**REQUIREMENT**
Leave out all pictures. Return exactly the lines from the top of the material through the line containing "Bandage Autoadhésif 40".

**DATA SECTION**
■ ■ ■ ■
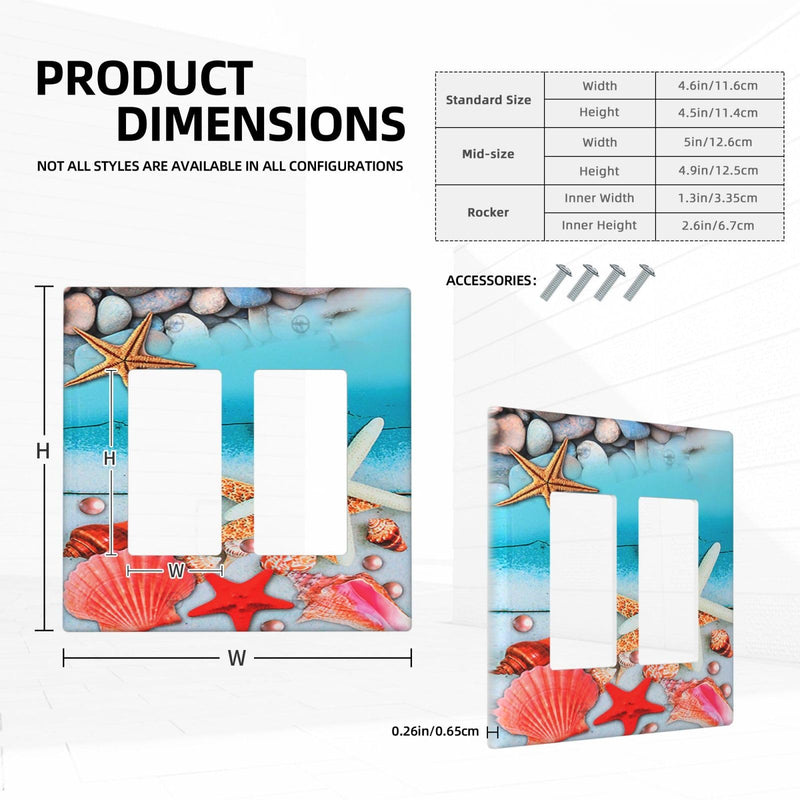 [Australia - AusPower] - Beach Starfish Seashell 2 Gang Light Switch Cover Nautical Decorative Wall Plate Double Rocker Board GFCI Switch Plate Cover Faceplate for Home Decor 2-Gang Rocker /4.6 x 4.5 IN 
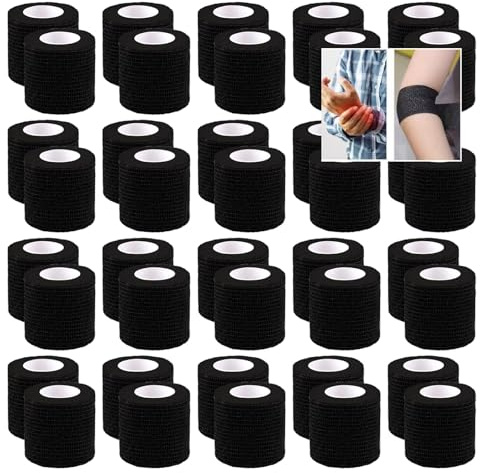Bandage Autoadhésif 40 Rouleaux, 5 cm x 4,5 m Bandages Cohesive Respirants, Bande Strapping Adhésif Fixation pour Les Humains et Les Animaux, Elastoplast Bande Adhésive pour Sports (Noir, 5cm x 4,5m)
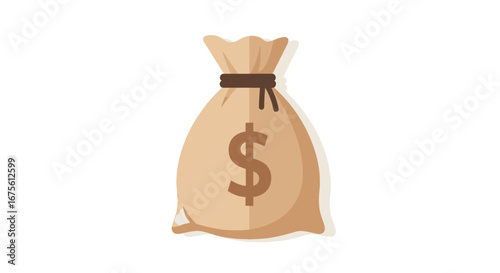 Financial success and economic growth represented by a traditional money bag icon with a prominent dollar sign, symbolizing wealth and investment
■ ■ ■ ■
**ANSWER SECTION**
 [Australia - AusPower] - Beach Starfish Seashell 2 Gang Light Switch Cover Nautical Decorative Wall Plate Double Rocker Board GFCI Switch Plate Cover Faceplate for Home Decor 2-Gang Rocker /4.6 x 4.5 IN 
Bandage Autoadhésif 40 Rouleaux, 5 cm x 4,5 m Bandages Cohesive Respirants, Bande Strapping Adhésif Fixation pour Les Humains et Les Animaux, Elastoplast Bande Adhésive pour Sports (Noir, 5cm x 4,5m)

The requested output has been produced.